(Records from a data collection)
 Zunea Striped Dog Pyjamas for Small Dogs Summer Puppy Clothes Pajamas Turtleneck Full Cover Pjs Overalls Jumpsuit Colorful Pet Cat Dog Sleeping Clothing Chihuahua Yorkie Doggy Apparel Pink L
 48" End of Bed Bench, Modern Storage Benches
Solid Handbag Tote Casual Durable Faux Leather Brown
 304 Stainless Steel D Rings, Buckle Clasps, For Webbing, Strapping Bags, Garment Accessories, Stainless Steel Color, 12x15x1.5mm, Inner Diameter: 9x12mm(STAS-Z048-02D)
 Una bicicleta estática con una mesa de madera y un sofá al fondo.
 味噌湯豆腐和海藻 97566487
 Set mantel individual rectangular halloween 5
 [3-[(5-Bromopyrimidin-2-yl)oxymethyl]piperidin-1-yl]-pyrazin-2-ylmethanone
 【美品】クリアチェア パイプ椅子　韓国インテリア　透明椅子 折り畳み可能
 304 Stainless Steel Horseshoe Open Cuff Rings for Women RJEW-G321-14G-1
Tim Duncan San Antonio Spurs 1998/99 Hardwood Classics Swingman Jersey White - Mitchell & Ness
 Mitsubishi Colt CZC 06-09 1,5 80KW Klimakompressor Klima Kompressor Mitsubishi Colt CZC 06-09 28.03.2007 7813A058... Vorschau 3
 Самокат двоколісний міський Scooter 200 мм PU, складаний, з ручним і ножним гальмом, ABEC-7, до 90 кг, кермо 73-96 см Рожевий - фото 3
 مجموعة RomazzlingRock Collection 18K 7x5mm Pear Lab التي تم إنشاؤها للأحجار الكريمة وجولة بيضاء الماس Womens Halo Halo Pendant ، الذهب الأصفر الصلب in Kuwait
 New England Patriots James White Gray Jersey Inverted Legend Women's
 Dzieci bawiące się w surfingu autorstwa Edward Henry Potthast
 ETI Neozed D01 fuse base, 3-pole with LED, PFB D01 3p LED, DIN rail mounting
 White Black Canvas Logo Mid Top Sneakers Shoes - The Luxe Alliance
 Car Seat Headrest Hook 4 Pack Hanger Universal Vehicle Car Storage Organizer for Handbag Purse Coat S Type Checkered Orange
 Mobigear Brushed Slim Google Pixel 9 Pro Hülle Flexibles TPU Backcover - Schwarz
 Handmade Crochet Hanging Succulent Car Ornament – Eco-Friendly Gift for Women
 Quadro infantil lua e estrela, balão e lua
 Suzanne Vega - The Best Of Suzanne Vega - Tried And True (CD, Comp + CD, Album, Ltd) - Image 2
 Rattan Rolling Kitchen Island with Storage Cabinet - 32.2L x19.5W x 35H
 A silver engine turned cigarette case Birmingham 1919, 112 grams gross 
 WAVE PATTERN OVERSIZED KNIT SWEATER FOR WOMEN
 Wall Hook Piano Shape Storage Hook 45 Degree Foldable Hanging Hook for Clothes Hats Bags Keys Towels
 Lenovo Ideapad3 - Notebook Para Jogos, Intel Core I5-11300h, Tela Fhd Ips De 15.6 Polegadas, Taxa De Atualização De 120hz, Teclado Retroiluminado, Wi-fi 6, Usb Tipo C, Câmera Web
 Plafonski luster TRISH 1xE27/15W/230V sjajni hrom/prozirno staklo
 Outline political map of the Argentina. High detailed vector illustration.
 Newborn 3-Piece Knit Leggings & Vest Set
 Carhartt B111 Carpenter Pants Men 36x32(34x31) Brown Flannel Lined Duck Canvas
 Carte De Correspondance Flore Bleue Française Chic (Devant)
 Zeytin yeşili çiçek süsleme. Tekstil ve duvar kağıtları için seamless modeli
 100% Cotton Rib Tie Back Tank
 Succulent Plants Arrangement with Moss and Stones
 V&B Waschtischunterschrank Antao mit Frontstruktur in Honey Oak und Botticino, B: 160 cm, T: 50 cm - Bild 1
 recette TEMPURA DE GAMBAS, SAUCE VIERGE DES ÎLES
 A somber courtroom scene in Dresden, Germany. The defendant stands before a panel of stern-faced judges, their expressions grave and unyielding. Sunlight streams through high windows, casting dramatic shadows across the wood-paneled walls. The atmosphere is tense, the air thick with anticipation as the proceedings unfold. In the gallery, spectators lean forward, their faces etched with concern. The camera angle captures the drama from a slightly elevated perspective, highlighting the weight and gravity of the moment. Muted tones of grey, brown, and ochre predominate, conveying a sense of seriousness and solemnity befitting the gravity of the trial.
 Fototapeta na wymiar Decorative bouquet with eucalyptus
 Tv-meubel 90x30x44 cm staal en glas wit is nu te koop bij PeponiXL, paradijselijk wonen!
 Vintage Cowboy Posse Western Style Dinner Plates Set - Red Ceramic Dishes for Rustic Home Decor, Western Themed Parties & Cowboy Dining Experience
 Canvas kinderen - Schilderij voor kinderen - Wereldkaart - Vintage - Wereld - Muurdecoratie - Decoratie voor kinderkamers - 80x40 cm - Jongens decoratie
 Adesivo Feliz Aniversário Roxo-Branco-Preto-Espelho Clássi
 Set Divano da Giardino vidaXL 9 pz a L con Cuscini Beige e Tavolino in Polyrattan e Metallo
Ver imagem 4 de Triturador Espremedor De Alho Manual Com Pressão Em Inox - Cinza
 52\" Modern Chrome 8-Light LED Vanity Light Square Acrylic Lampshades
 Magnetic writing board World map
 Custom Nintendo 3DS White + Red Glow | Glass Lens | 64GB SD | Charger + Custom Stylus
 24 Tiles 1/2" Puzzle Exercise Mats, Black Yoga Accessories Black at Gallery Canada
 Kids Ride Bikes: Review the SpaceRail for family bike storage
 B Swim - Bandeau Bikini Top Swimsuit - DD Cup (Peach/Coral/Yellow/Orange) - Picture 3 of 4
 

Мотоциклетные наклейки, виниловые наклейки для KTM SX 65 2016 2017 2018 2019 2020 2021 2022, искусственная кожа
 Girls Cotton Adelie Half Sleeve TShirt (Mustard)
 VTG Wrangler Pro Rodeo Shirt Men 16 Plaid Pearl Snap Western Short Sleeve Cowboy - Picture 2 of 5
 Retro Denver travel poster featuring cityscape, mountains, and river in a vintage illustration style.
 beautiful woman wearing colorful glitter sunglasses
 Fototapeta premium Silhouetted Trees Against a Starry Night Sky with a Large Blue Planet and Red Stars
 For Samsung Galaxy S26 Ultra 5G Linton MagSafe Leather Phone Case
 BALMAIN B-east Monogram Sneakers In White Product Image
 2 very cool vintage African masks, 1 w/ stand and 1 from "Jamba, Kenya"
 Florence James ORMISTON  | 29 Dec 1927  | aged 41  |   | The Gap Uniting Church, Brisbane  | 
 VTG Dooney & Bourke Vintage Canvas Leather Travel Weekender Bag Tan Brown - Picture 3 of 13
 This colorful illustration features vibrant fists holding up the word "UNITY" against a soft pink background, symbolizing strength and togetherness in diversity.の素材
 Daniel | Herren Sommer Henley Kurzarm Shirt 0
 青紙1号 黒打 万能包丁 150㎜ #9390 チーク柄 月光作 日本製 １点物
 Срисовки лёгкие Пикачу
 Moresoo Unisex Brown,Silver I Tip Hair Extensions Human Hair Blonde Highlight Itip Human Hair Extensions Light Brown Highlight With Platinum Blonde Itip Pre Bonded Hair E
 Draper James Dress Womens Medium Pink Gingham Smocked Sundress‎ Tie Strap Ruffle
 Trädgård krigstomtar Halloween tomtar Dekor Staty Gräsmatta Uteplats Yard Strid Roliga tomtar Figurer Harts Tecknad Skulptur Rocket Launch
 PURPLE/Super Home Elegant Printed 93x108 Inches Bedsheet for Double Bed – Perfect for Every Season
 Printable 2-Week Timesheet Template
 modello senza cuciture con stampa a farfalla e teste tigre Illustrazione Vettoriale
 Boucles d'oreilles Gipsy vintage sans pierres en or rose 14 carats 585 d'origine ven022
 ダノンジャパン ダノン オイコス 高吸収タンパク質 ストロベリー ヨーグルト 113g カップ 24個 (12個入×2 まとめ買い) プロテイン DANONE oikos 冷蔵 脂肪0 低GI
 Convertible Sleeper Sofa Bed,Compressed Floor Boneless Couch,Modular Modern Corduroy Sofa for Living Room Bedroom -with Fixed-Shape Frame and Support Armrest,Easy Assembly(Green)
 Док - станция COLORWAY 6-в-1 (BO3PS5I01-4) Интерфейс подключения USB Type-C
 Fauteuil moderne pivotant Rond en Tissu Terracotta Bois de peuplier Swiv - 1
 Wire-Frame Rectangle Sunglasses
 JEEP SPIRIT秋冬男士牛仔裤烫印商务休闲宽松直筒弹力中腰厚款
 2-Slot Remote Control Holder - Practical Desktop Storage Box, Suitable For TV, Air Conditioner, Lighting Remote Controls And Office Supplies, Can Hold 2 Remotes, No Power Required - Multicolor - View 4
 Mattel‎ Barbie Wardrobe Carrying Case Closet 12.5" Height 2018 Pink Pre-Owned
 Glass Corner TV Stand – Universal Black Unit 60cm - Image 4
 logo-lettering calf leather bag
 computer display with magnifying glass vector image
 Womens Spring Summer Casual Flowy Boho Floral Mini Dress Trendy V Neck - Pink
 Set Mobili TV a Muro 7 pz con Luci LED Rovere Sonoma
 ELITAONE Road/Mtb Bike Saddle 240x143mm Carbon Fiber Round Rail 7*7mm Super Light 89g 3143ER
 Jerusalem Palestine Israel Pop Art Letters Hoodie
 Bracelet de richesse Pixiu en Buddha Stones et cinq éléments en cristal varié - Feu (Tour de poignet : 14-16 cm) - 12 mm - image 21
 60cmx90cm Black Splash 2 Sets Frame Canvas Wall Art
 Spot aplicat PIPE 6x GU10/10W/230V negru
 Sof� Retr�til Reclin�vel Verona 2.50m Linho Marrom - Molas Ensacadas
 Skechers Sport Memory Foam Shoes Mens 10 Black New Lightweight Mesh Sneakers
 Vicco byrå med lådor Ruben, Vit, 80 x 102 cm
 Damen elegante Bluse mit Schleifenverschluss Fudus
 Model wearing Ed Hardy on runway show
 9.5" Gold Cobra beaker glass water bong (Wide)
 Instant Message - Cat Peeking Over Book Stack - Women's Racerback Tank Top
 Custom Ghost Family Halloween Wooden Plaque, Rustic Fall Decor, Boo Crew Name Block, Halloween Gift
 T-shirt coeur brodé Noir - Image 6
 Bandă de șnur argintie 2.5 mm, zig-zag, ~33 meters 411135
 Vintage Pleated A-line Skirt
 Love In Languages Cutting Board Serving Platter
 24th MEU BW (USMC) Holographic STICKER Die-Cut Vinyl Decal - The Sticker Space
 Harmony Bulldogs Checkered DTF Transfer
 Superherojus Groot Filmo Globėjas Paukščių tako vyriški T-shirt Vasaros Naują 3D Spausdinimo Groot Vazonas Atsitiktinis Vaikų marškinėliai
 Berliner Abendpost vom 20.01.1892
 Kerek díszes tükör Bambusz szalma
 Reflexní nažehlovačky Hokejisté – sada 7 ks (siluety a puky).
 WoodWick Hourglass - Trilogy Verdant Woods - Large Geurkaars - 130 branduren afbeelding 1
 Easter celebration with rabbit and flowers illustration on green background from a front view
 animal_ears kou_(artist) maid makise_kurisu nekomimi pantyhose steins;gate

Your goal: Set down precisely the lines above between the line holding "Canvas kinderen - Schilderij" and the line holding "Square Acrylic Lampshades", inclusive, and nothing beyond them.

Answer for this exercise:
 Canvas kinderen - Schilderij voor kinderen - Wereldkaart - Vintage - Wereld - Muurdecoratie - Decoratie voor kinderkamers - 80x40 cm - Jongens decoratie
 Adesivo Feliz Aniversário Roxo-Branco-Preto-Espelho Clássi
 Set Divano da Giardino vidaXL 9 pz a L con Cuscini Beige e Tavolino in Polyrattan e Metallo
Ver imagem 4 de Triturador Espremedor De Alho Manual Com Pressão Em Inox - Cinza
 52\" Modern Chrome 8-Light LED Vanity Light Square Acrylic Lampshades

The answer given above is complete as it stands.